Il sogno e la fisica, in un’accezione greca presocratica del termine, fanno sì che nella sua essenza il primo rifugga da ogni determinazione o separatezza e prenda senz’altro la parola. Il camion e la notte, questa la prima delle due costruzioni poematiche, si muove infatti su un terreno mutevole che contempla ricordo rêverie metamorfosi («come un delfino dei cieli») e quella che potremmo chiamare un’immaginazione speculativa nel condurre il soggetto attraverso il suo viaggio di stupefazioni e ripiegamenti, trafitture e abbandoni. Così, toccato dalla galileiana “cortesia della Natura”, egli si aggira tra “le cose del mondo” nel suo camion navicella e la bellezza che colpisce la retina si mostra insieme eterna e peritura: «com’è // che non si è mai sazi della vita / e tutto pullula, in noi, come il primo giorno, / pare impossibile immaginarlo, il mondo, / senza di noi, pensare / che continui, uguale, indifferente…». Sembra la culla di Nabokov, che «dondola sopra un abisso e il buonsenso ci dice che la nostra esistenza è solo un breve spiraglio di luce tra due eternità fatte di tenebra» (in V. Nabokov, Parla, ricordo, Adelphi, Milano 2010).

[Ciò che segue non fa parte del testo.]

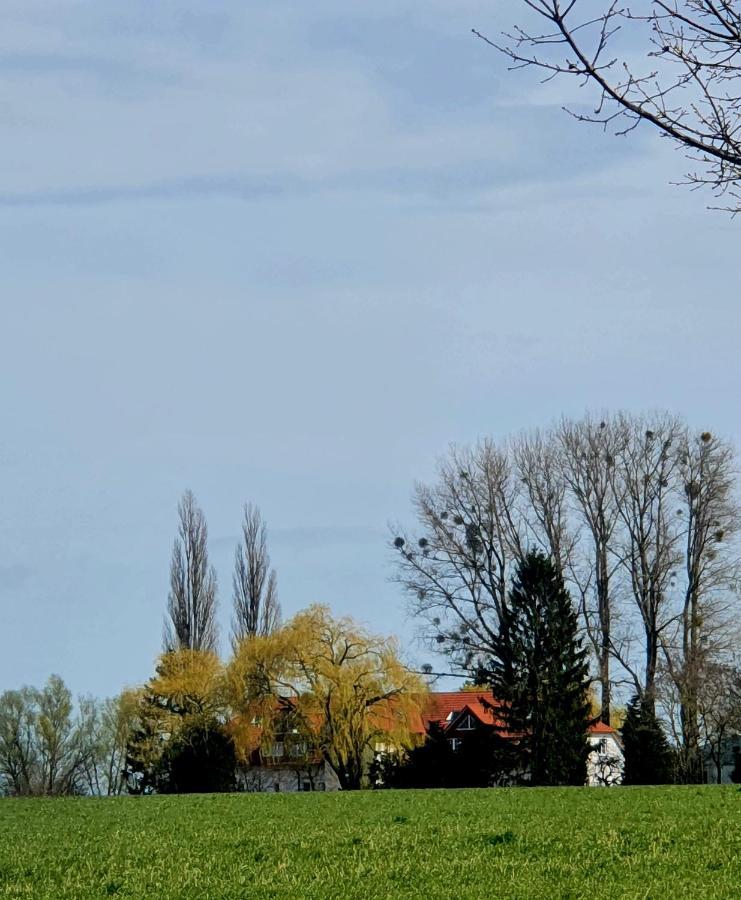 Haus Mueritz, Fewo 12 Moewe Zielow エクステリア 写真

Brevis lux, appunto. Non fosse che per questo, come sottrarsi all’incanto delle «stelle di questo cielo / nerissimo, sciamante / di ori e di pulviscoli», come sul Rodano in una notte d’estate, dipinto da Van Gogh? Tale inquieto smarrirsi, tale radice leopardiana, è quanto viene precisandosi nella seconda campitura del libro, Animula, che ha filigrana nei pochi versi a noi rimasti dell’imperatore Adriano e stemma in una lepre dalle svariate implicazioni araldiche, a cominciare dalla mitezza, dall’eleganza, dalla velocità che elude… Non altrimenti la cifra elusiva di animula, nell’enigma del suo destino poi che sia stata hospes comesque corporis.

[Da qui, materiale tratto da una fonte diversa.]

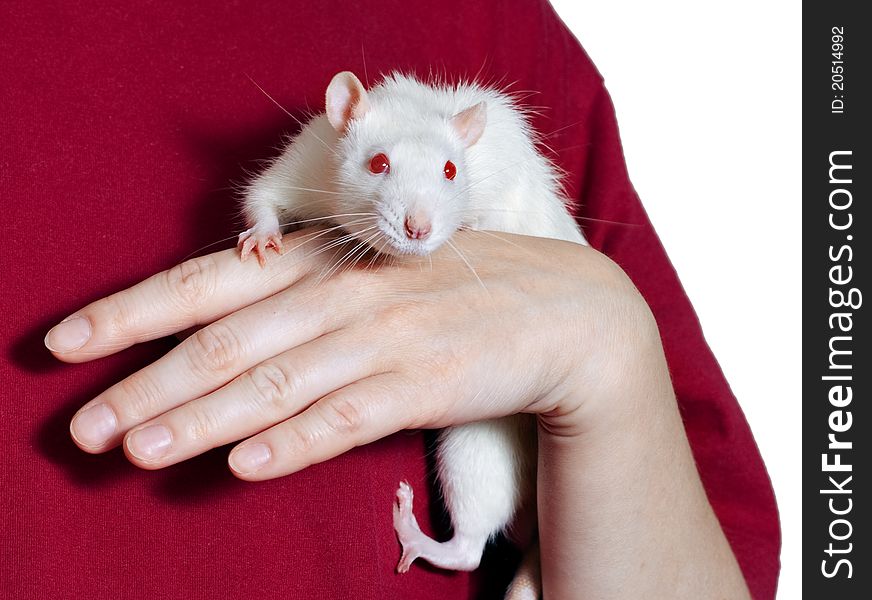 Mouse albinos on the female's hand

«Principio del mondo, ombra, oro», un verso su cui un lettore dall’orecchio assoluto come Giorgio Orelli avrebbe potuto scrivere un’intera pagina: parte da qui un viaggio della mente dove lo scavo aforistico a esso connaturato trova una sorprendente forma fluida che ne convoglia punti fermi ed esitazioni, quasi in un’unica gittata. Il colloquio con se stesso si fa così partitura, musica inquieta, poesia increspata da una rete allitterativa rotta talora da salti fonici e dissonanze. E colpisce la tonalità febbrile, il ritmo perfino percussivo dell’argomentare, «non osi, tocchi, torni / al buio» o ancora «riprendi / il tuo cammino, sei, non sei, inclini / ad ogni ipotesi». Come in un confronto serrato con il tempo che non lascia tregua.

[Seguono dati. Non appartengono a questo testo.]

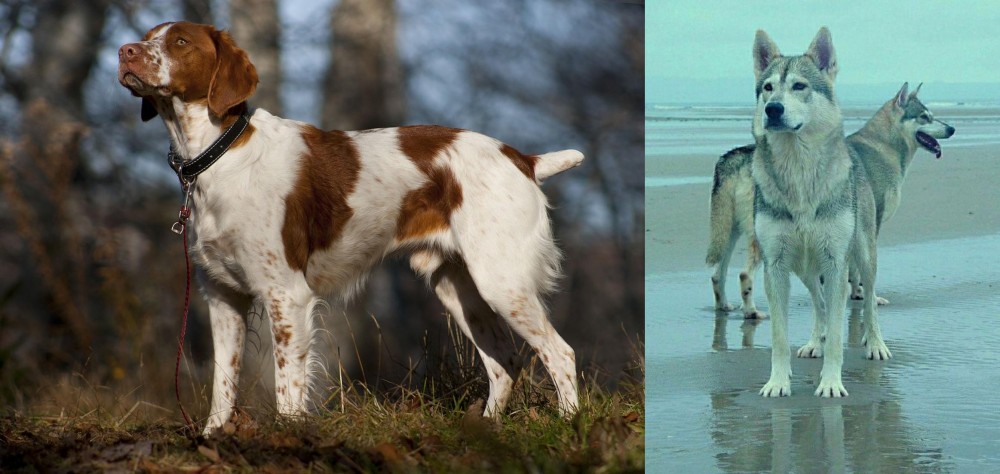 Northern Inuit Dog vs Brittany - Breed Comparison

Pure in questo che non sembra sbagliato definire un dramma, trova posto il ricordo di antichi pomeriggi di luglio con stanza in un’età in cui il tempo pare non essersi ancora avvisato, scegliendo di ritrarsi davanti a «uno stormire – tutto – di pomeriggi / quieti, lunghi, estuosi». Ed è una stanza, quella che ci apre Giancarlo Pontiggia quasi in explicit al suo bel libro, in cui soltanto la poesia, quando è tale, può tornare per riaccendere il lume.